Task to carry out. Only an exact copy of the entries, stripped of pictures, will serve as the answer.
[Data for processing Boundary: Start]
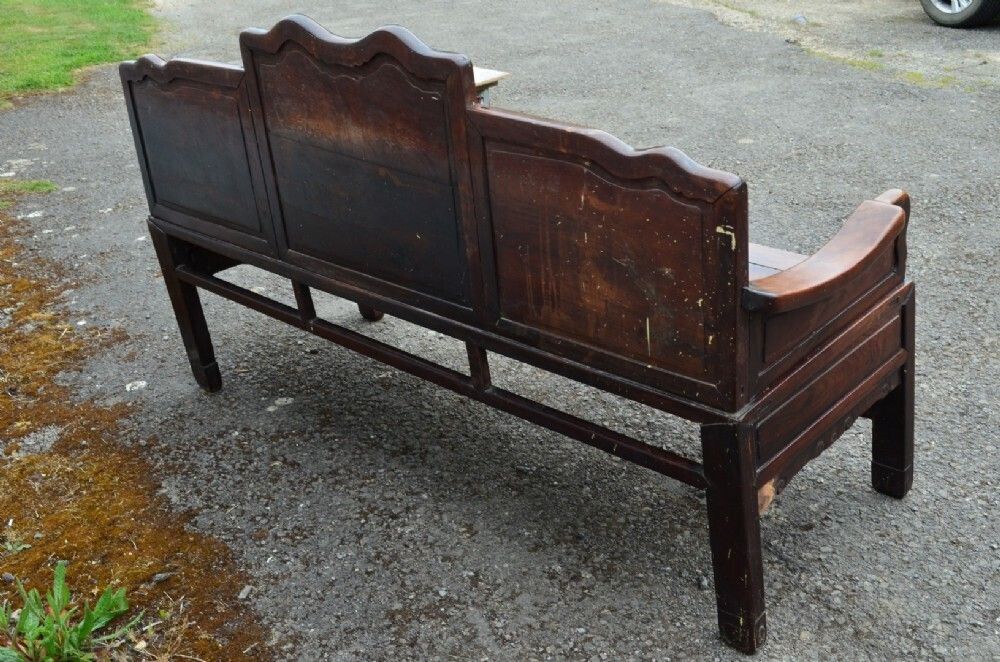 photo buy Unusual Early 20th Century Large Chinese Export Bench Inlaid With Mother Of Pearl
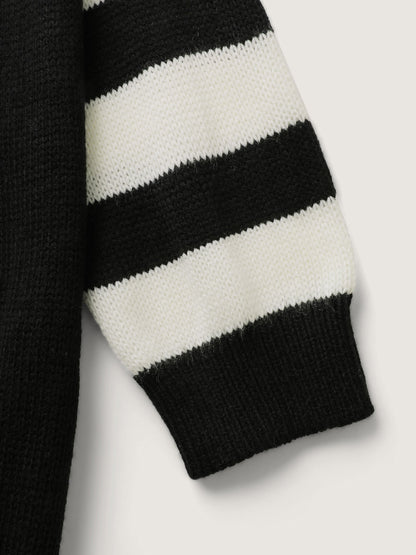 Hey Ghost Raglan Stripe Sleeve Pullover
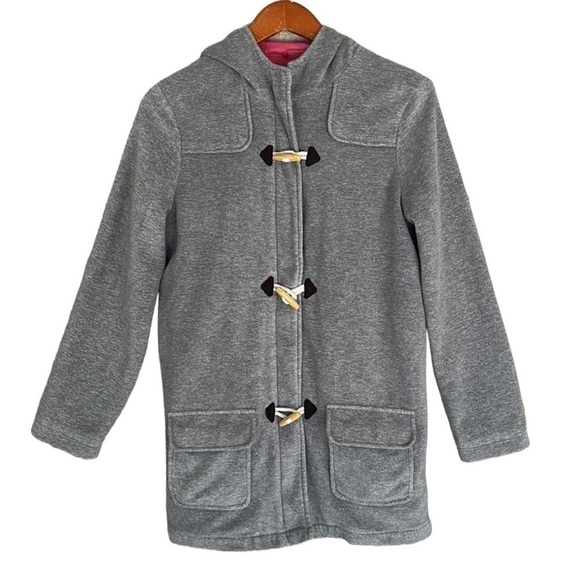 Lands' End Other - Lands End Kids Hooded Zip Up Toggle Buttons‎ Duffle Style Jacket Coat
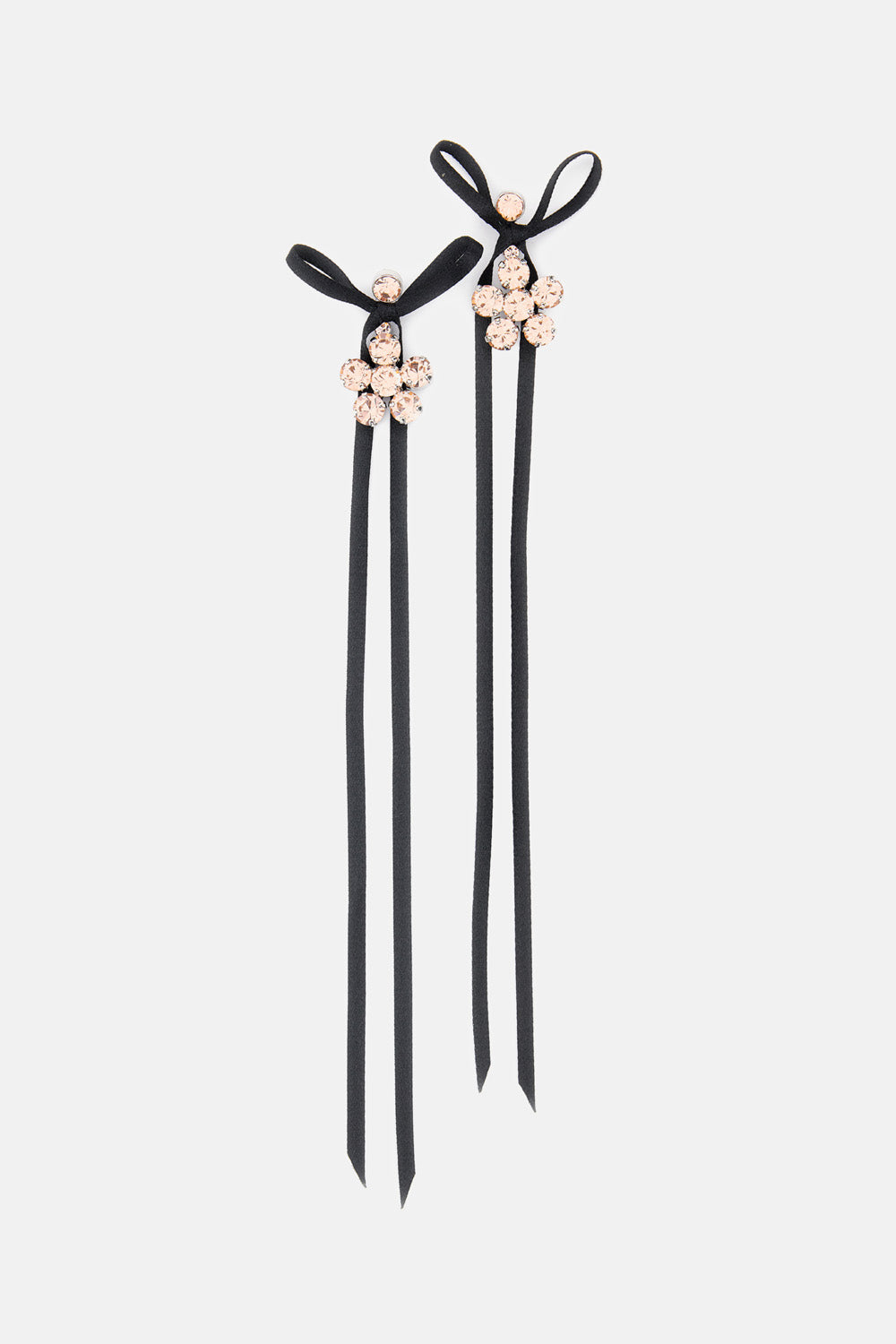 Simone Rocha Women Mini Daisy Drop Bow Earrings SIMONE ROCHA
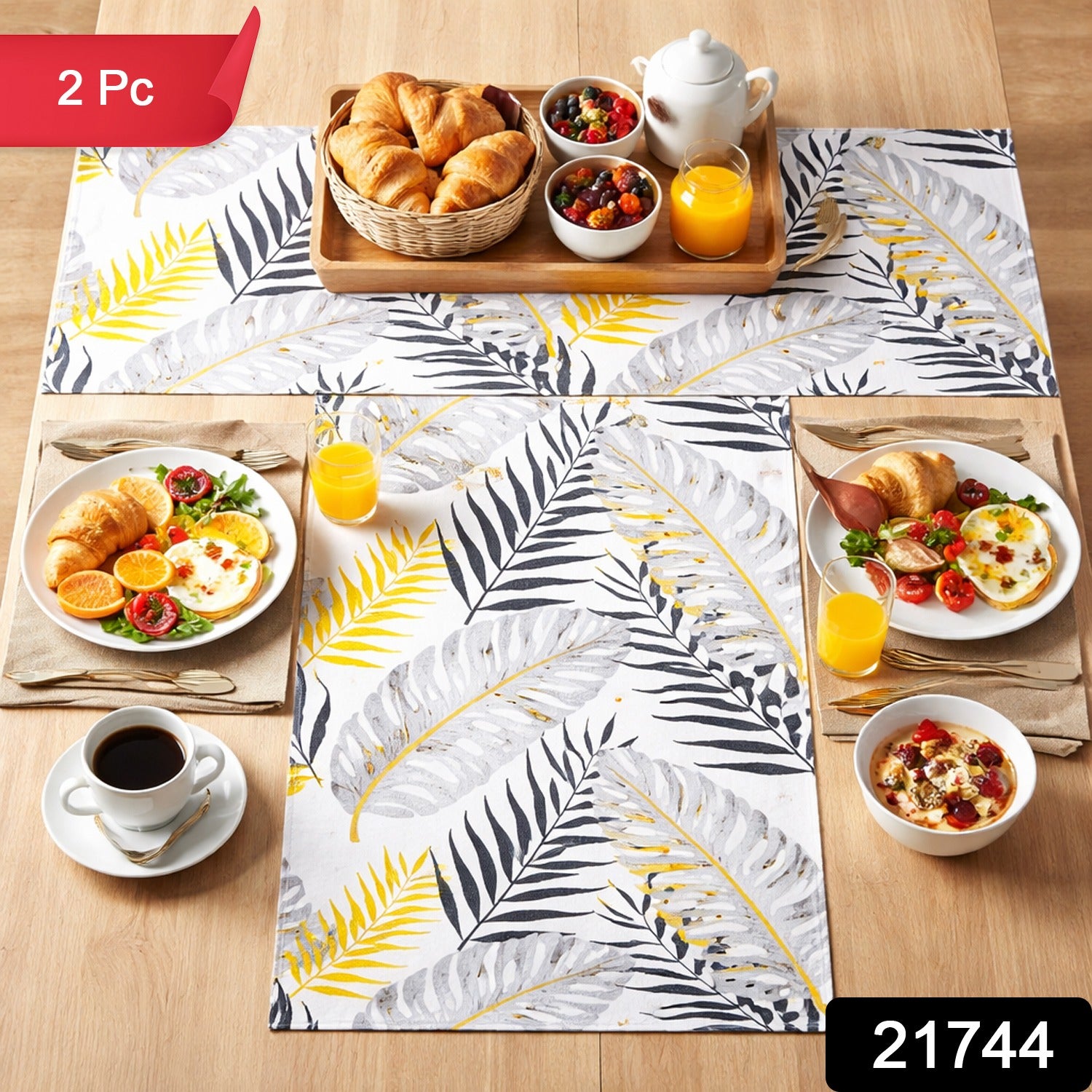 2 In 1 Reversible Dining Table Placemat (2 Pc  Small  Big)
[Data for processing Boundary: End]
Written answer.
 photo buy Unusual Early 20th Century Large Chinese Export Bench Inlaid With Mother Of Pearl
 Hey Ghost Raglan Stripe Sleeve Pullover
 Lands' End Other - Lands End Kids Hooded Zip Up Toggle Buttons‎ Duffle Style Jacket Coat
 Simone Rocha Women Mini Daisy Drop Bow Earrings SIMONE ROCHA
 2 In 1 Reversible Dining Table Placemat (2 Pc  Small  Big)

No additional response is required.